Speaking before the gathered state Democratic leaders yesterday, Terry McAuliffe gave his postmortem on the election. In his relentlessly upbeat style he maintains, "We put everything that we had on the table," but I am not yet fully convinced (NYT). I say this not as someone who wants to excoriate our outgoing DNC chair and those who worked so hard on KE04, but in order to talk about what is needed for '06 and '08.
He confirms what I suggested here before: Though the Democrats had sophisticated data on voters similar to the data Republicans had, it was not used to target the persuadables as carefully and aggressively as the GOP had. On the one hand, the Times reports:
Mr. McAuliffe took pains not to criticize Mr. Kerry or his campaign. But he offered what amounted to unusual and effusive praise of the campaign run by Mr. Kerry's opponent, in particular its use of consumer modeling to identify and appeal to specific segments of Democratic and independent voters.

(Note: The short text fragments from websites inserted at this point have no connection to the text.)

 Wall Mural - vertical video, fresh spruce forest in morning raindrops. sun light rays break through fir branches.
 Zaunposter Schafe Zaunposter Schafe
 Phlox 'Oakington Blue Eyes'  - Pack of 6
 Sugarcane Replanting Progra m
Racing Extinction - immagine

On the other hand, these same data appear not to have been used as aggressively to broaden the Democratic coalition, which the Republicans clearly were doing:
He said Democrats were never able to catch up with a campaign that pressed Mr. Bush's opposition to same-sex marriage, to appeal in African-American churches; his opposition to late-term abortion, to appeal to Hispanics; and Mr. Kerry's support of gun control, to undercut Democrats in union households. While Republicans were doing that, Mr. McAuliffe said, Democrats were relying on more traditional means of drumming up turnout among typically Democratic areas.

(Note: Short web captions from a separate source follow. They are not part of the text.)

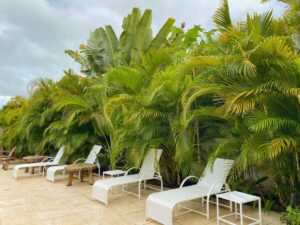 Pousada Fasani - Ilha de Boipeba - cadeiras de sol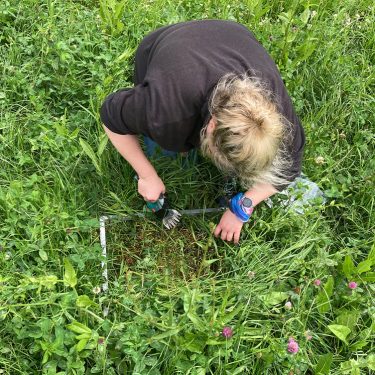 Holdings |  Solstice Arts Centre 
Navan, County Meath | Saturday 6 May to Saturday 17 June 2023 | to 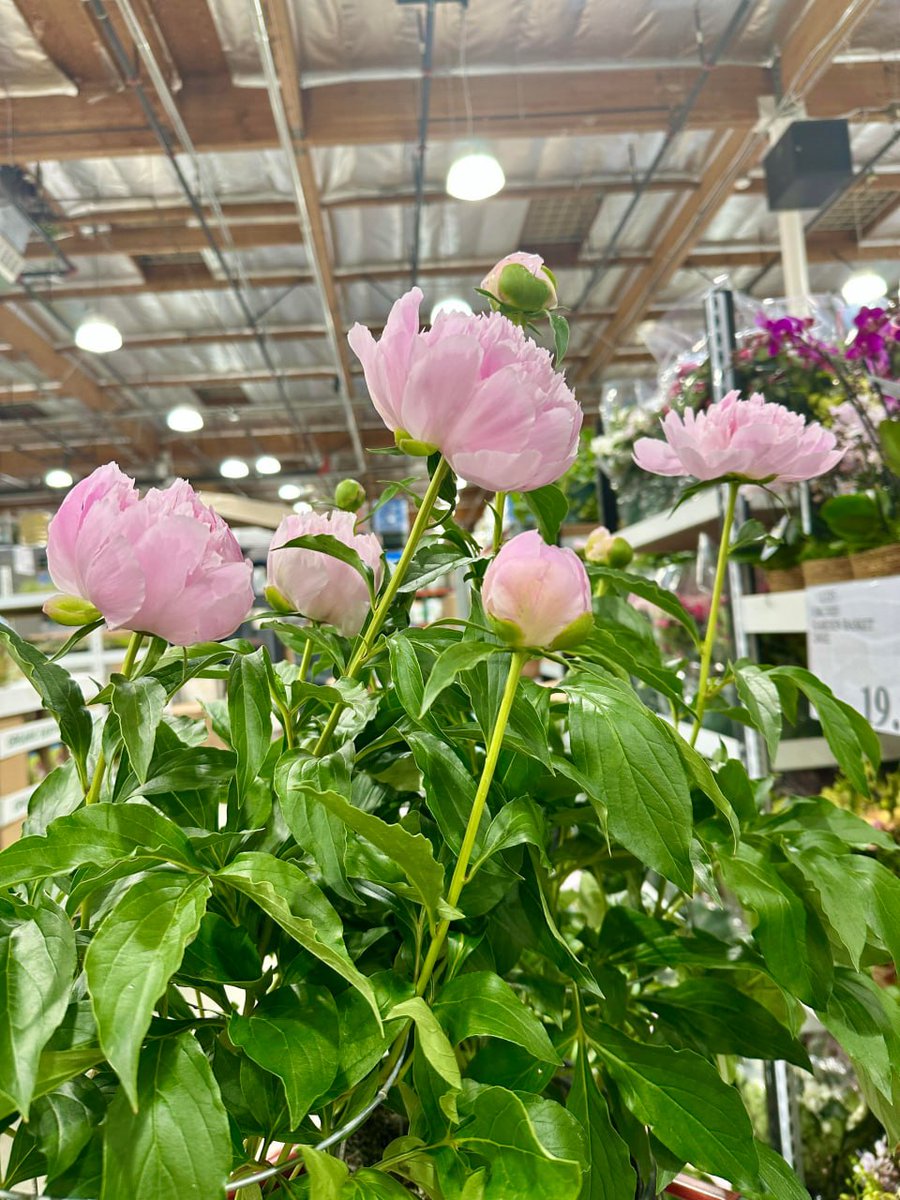 yohelara's tweet image. Blooming with beauty! 🌸✨ These pink peonies are the perfect pop of color to brighten your day #PeonyPerfection #FloralLove #ShopLocal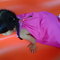 Img00027-20110219-1439_grid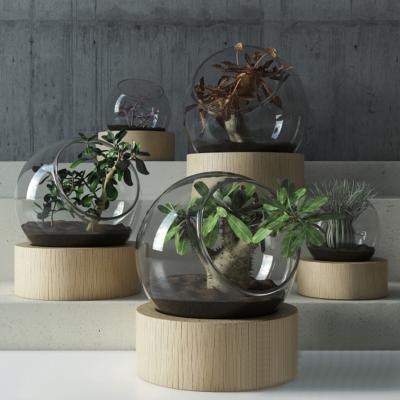 现代盆栽植物摆件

"They were much more sophisticated in their message delivery, very specific targeted niche," he said. "Which is what we now need to do as a party."
Why exactly were we not doing so? Gore won the popular vote in 2000 but by a narrow margin, and reapportionment had shifted the advantage to red states since then. A Democratic strategy to use marketing data to firm up its base was a strategy to lose.
This is probably too harsh; I'm sure some effort was given to market to swing voters and maybe even Republican moderates. Nevertheless, the contrast is striking and is confirmed by the statements by McAuliffe this week and Ken Mehlman not long ago.
As Matt Stoller at MyDD and some others have written, McAuliffe did much to strengthen the party. For all the fears many had about the impact McCain-Feingold would have on Democratic fund-raising, the party is in better financial shape than at any point in recent memory. But the party no longer has an advantage in getting out the vote, and it found itself outmaneuvered in this election.
Fixing the problems need not result in self-immolation. The threats by MoveOn to take their toys and go home is hardly the right spirit. KE04 lost, but not by a lot. Our deep disappointment should not be mistaken for getting trounced; if anything, that merely confirms Bush's dubious claim to a mandate. There were some positives and the party should build on those rather than ripping it up from the roots.